When the mould lines were removed, I roughed up the areas that were going to be joined with a little piece of abrasive paper to give a better key for the glue. I used Zap-a-Gap medium for gluing - it was a fresh pot, and that really made a huge difference to the speed it took the parts to grab - in fact it was just a couple of seconds for each join.

I was originally planning to pin the arms in place - but when I started assembling, I found there was quite a strong bond created with the two points of contact, so I didn't bother. I think if the miniature was going to be gamed with, and carried in cases a lot, I would be tempted though.

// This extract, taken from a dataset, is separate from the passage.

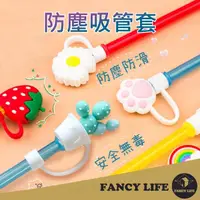 在飛比找momo購物網優惠-【FANCY LIFE】防塵吸管套(吸管蓋 吸管套 吸管帽 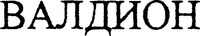 VALDION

Here is the step by step -

All the parts as they came in the bag
Join the two halves of the body first
This is quite an important join. You need to get his back flat to the seat,
and make sure the legs are central to the 'thigh' parts of the exo-suit
so they will interface with the lower legs of the miniature.
Add the left leg, making sure the exo-parts of the leg are touching.
Add the right leg, making sure both feet sit flat on the ground.
Add the round end piece to the weapon
Add the single extra claw to the arm - then the double
 claw-piece in the slot in the middle
Add the right arm - gluing at both points of contact, the shoulder
and forearm.
Add the left arm - again, gluing at both points of contact.
The roll-cage was carefully bent into shape and glued in place.
The two shoulder pieces were added and the miniature attached to the base.

4 comments:

Dai said...

Interesting. This is the one mini I found was rather simple to put together (The Grendlr was another matter.).
I managed to get it to work a little differently from your method –
1. glue the pelvis to the frame (I originally had the torso glued to the pelvis then stuck in place against the frame, but had troubles getting the back to fit flush against the shallow peg. So gluing the pelvis first allowed me to position the torso accordingly to get the best fit.

2. for the legs, after clearing the flash, I actually stood them up and matched them to the knee joints and did both at once to make sure he’d stand properly. It meant holding the model in place for a bit while the glue dried, but it seemed an easy way to make sure his legs were on evenly for the pose.

Still, as with your other guides (Most of which were great help btw!), this is well done and simple to follow. Will you also be offering a step by step painting guide for this lovely sculpt? The studio paint job is gorgeous, but it’d be interesting to see how you take care of all the strange angles, nooks and crannies it has.

Cheers.

StudioMcVey said...

Great comment Dai, thanks for posting!

I'll see if I can persuade Ali to do a stage by stage paint on him ;-)

mike

Black Kestrel said...

Thanks for the step-by-step assembly instructions. I'd love to see a step by step assembly for the THI suits as well. I found them to be just as difficult or more so than Barker Zosa

Robin Fitton said...

Nice guide and looks great when complete.